2. Jika Kembali ke Jalan yang Benar: Kita bisa dan kuat memiliki generasi yang lebih sehat, cerdas dan kuat. Petani sejahtera karena produknya bisa bernilai tinggi. Lingkungan terjaga karena lahan pertanian lebih efisien. Pemain sepak bola tak perlu banyak didatangkan dengan naturalisasi. Mengapa? Dari satu unsur gizi saja yaitu protein, kata yang bermakna pertama, yang utama atau yang terpenting, kandungan protein rice bran sama atau lebih tinggi dari kandungan protein telur ayam atau susu sapi. Apalagi kalau rice bran difermentasi, proteinnya bisa 3 kali atau lebih dari kandungan protein telur ayam. Ini bukti ilmiah, berkah Tuhan YME bagi kita dan bagi bangsa tropisa yang sekarang ini kondisi sosial ekonominya berada jauh di bawah bangsa beriklim sedang.
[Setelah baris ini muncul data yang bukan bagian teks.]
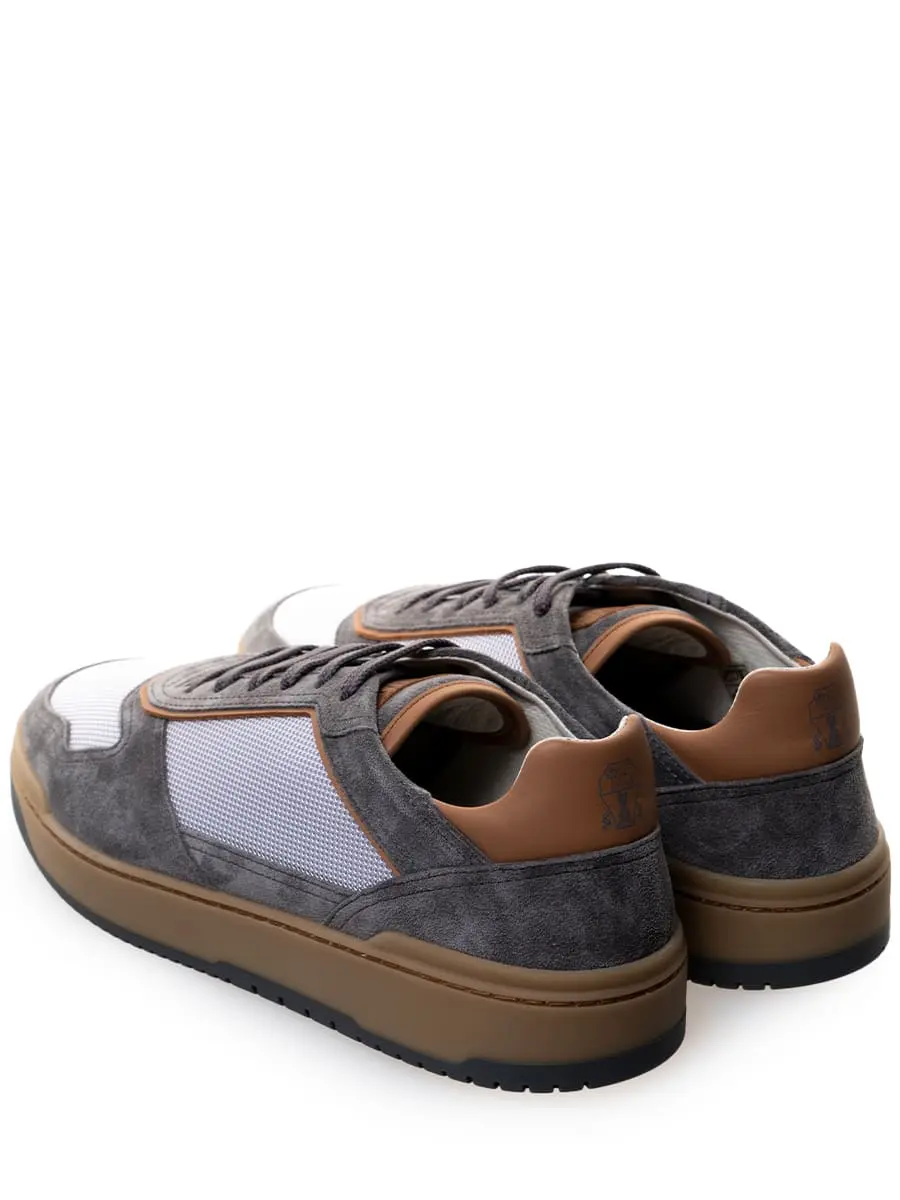 Кеды комбинированные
Jalan Keluar: Revolusi Pangan Dimulai dari Dapur Kita
Kita tidak perlu teknologi super canggih. Kita hanya perlu kembali pada akal sehat dan kearifan.
· Untuk Pemerintah: Terbitkan SNI Beras Patriot Bangsa yang memuliakan beras coklat. Alihkan subsidi dari beras putih ke beras coklat. Bangun industri pengolahan dedak padi.
· Untuk Industri: Berinovasi membuat produk dari dedak padi: tepung, minyak, suplemen. Jadilah pelopor ekonomi yang mensyukuri berkah Tuhan YME bagi bumi tropisa, sebagai satu penciri ekonomi hijau yang berkelanjutan.
· Untuk Kita Semua: Mulai makan nasi coklat. Campurkan dengan nasi putih jika belum terbiasa. Edukasi keluarga tentang pentingnya gizi utuh sebagai wujud rasa syukur kepada Sang Maha Pencipta.
Kesimpulan: Jangan Tanya Mengapa Bangsa Ini Tidak Maju, Tanya Kenapa Kita Membuang Kekayaannya Setiap Hari
Dedak padi adalah metafora yang sempurna: kita duduk di atas gunung emas, tetapi memilih untuk mengeluh tentang kemiskinan.
Mari hentikan pengkhianatan ini. Mari kembali ke jalan yang benar: jalan yang dibawakan Eijkman dan nenek moyang kita. Makanlah nasi coklat. Selamatkan dedak padi. Selamatkan masa depan Indonesia.
Sudah cukup kita merugi. Saatnya untuk bangkit dan menjadi bangsa yang cerdas, yang tidak lagi membuang masa depannya sendiri.
Tropikanisasi adalah sebuah konsep transformatif yang merujuk pada proses mengangkat, memulihkan, dan memodernisasi kekayaan tropis—baik pangan, budaya, ekonomi, maupun spiritualitas—sebagai fondasi kelangsungan dan keberlangsungan bangsa tropis seperti Indonesia.